Les raisons de cette perte de sens sont multiples, desquelles l’aspect générationnel n’est pas le dernier : Pour reprendre l’exemple des derniers présidents de la Commission, Delors avait quinze ans en 1940, Barroso en avait treize en 1968. A l’exigeante responsabilité historique d’un personnel politique cultivé et marqué par deux conflits cataclysmiques, succédèrent les caprices libertaires et amnésiques de leurs héritiers. La collusion entre l’illusion libérale qui prévalait à l’Ouest et la désillusion postcommuniste qui régnait à l’Est fut sans doute le plus grand malentendu européen des 25 dernières années : si le Grand Elargissement de 2004 était historiquement nécessaire, sa conduite à la hussarde se fit au sacrifice explicite de toute vision. Au refus spatial des frontières géographiques correspond très exactement le refus temporel de la mémoire historique ; c’est-à-dire le refus de toute affirmation identitaire. Et dans une même geste, les citoyens français et néerlandais qu’on eut la désinvolture de consulter refusèrent et le contenu ultralibéral et le contenant sans limite d’un Europe désincarnée qui, à l’inverse du dessein de Monnet, n’unit plus des hommes mais coalise des Etats.
Nul doute que dans ces referenda perdus de 2005, la question turque joua un rôle prépondérant comme le montrèrent avec constance plusieurs sondages d’opinion. Depuis, alors que l’Europe s’enfonce toujours plus dans une crise dont l’aspect économique n’est que l’écume, la question de la Turquie ou celle du génocide des Arméniens — c’est la même — jouent un rôle très précis, celui de marqueur des avancées et des reculs de l’idée européenne. Ceux qui brandissent le préalable de la reconnaissance du génocide se prévalent d’une certaine idée de l’Europe, continent de l’Esprit ; ceux qui voient la Turquie au filtre avantageux de critères techniques et de données statistiques défendent l’Europe-monde, celle du traité de Vienne où, effectivement, la Turquie peut légitimement jouer sa partition au gré de ses intérêts. Ces deux visions sont présentes à gauche comme à droite et l’exigence de reconnaissance du Génocide ou les velléités un peu honteuses de son oblitération aussi.

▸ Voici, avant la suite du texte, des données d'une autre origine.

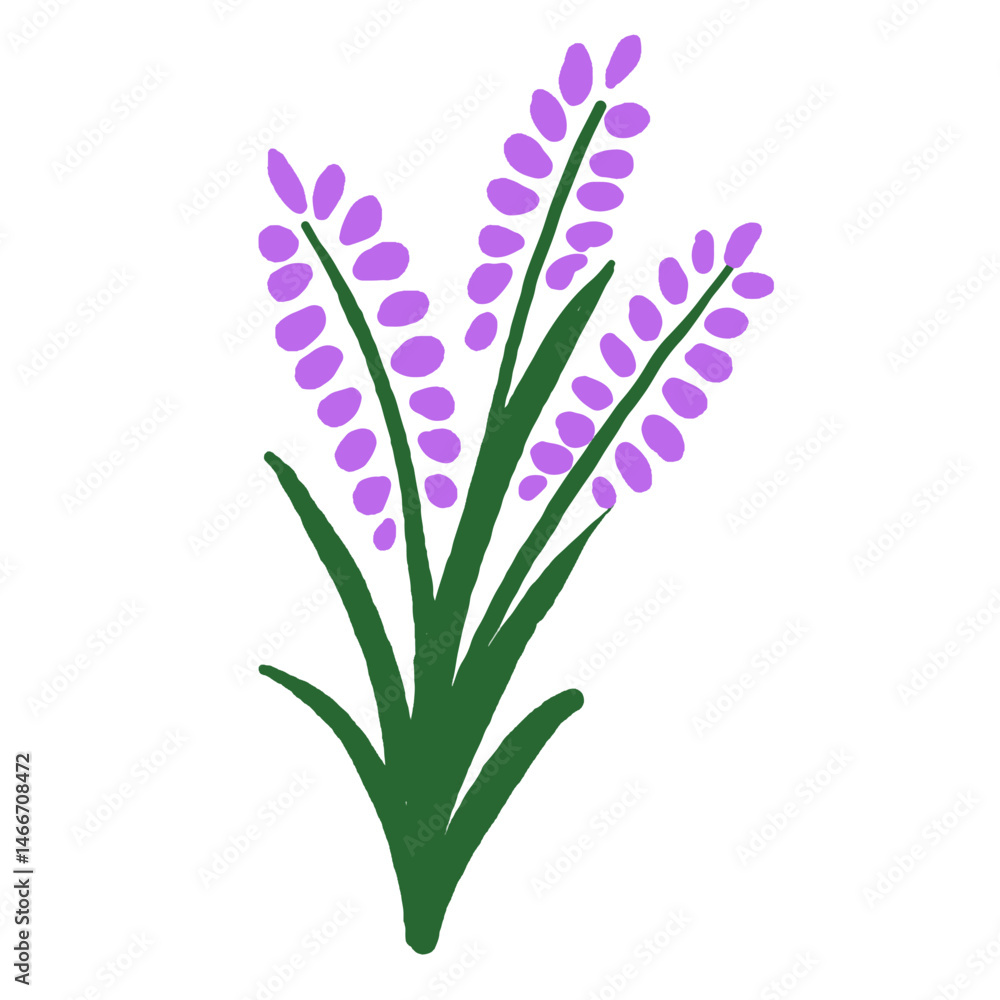 Naklejka premium Hand-Drawn Flowers with Green Stems in Simple Art Style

Cependant, il est malheureusement à craindre que les héritiers de Romain Rolland, de Stefan Zweig, de Rainer Maria Rilke, de Ferdinand Pessoa ou de Paul Valéry aient provisoirement perdu le combat et que cette Europe de l’Esprit ontologiquement hors d’atteinte de l’Etat turc se soit évanouie. Ce qui semble se préparer à court terme, c’est l’Europe des nationalismes dont on sait ce qu’elle donna et où le régime d’Ankara ne détonne pas plus que celui de Moscou, que celui de Minsk, ou que ces sociétés « européennes » où prospérèrent les Croix de feu, le Stahlhelm, les Squadristes… ou les Loups-Gris. Quelque part, cette Europe a déjà adhéré à la Turquie.